Ce que Nier Automata rappelle par l’utilisation des technologies qui permettent le jeu en ligne, c’est la différence fondamentale entre le jeu et une simple hallucination. Le jeu, s’il est une sorte de rêve éveillé, est différent de la simple illusion du rêve nocturne de par le fait qu’il s’accomplit en commun. D’une manière similaire à celle dont Walter Benjamin pouvait espérer dans L’œuvre d’art à l’époque de sa reproductibilité technique que le cinéma permette au masses de se représenter en tant que masses en révélant leur inconscient visuel, Nier Automata parvient par les moyens du jeu vidéo à saisir l’inconscient de l’action ludique : sa dimension collective. La masse des joueur·ses devient explicitement l’unique puissance permettant d’en finir avec un jeu dont la difficulté se fait absurde. Le dénouement du jeu fait alors résonner si ce n’est expérimenter les fameuses lignes d’Albert Camus :
« Dans l’expérience absurde, la souffrance est individuelle. À partir du mouvement de révolte, elle a conscience d’être collective, elle est l’aventure de tous. Le premier progrès d’un esprit saisi d’étrangeté est donc de reconnaître qu’il partage cette étrangeté avec tous les hommes et que la réalité humaine, dans sa totalité, souffre de cette distance par rapport à soi et au monde.

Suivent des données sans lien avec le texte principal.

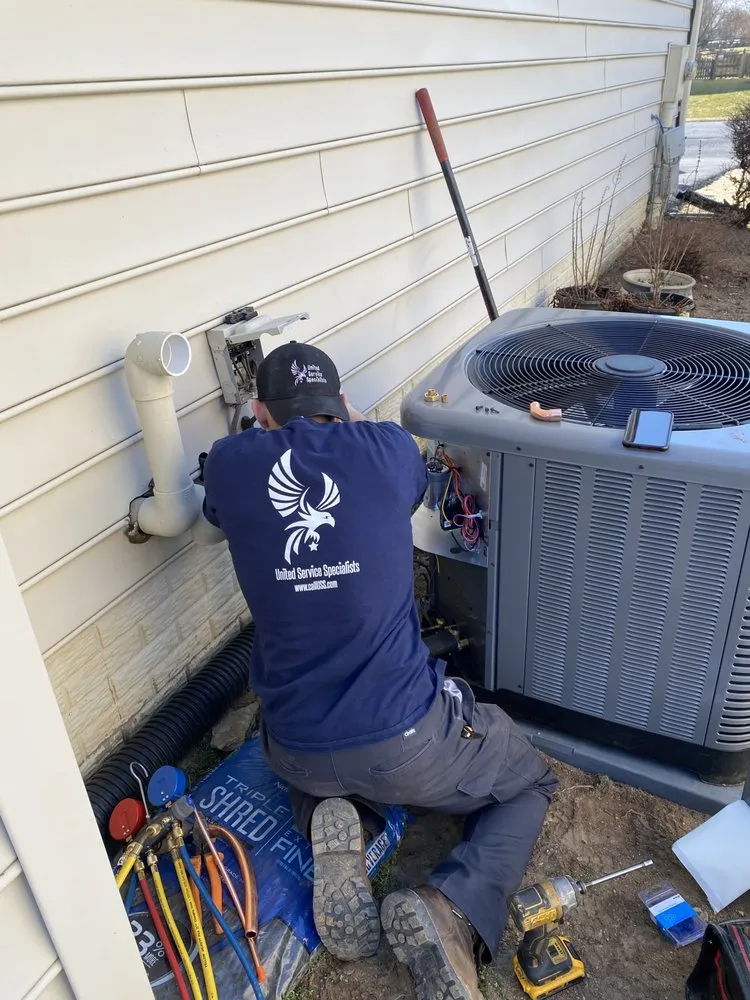 Slide of United Service Specialists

Le mal qui éprouvait un seul homme devient peste collective. Dans l’épreuve quotidienne qui est la nôtre, la révolte joue le même rôle que le « cogito » dans l’ordre de la pensée : elle est la première évidence. Mais cette évidence tire l’individu de sa solitude. Elle est un lieu commun qui fonde sur tous les hommes la première valeur. je me révolte, donc nous sommes. »
– Albert Camus, L’homme révolté
Justin Nony
- Genre de jeu vidéo dans lequel lea joueur·euse dirige un avatar devant détruire un grand nombre d’ennemis en lançant des projectiles tout en évitant les projectiles adverses.
- Se dit d’un shoot’em up dans lequel la difficulté est générée par le grand nombre de projectiles affichés à l’écran.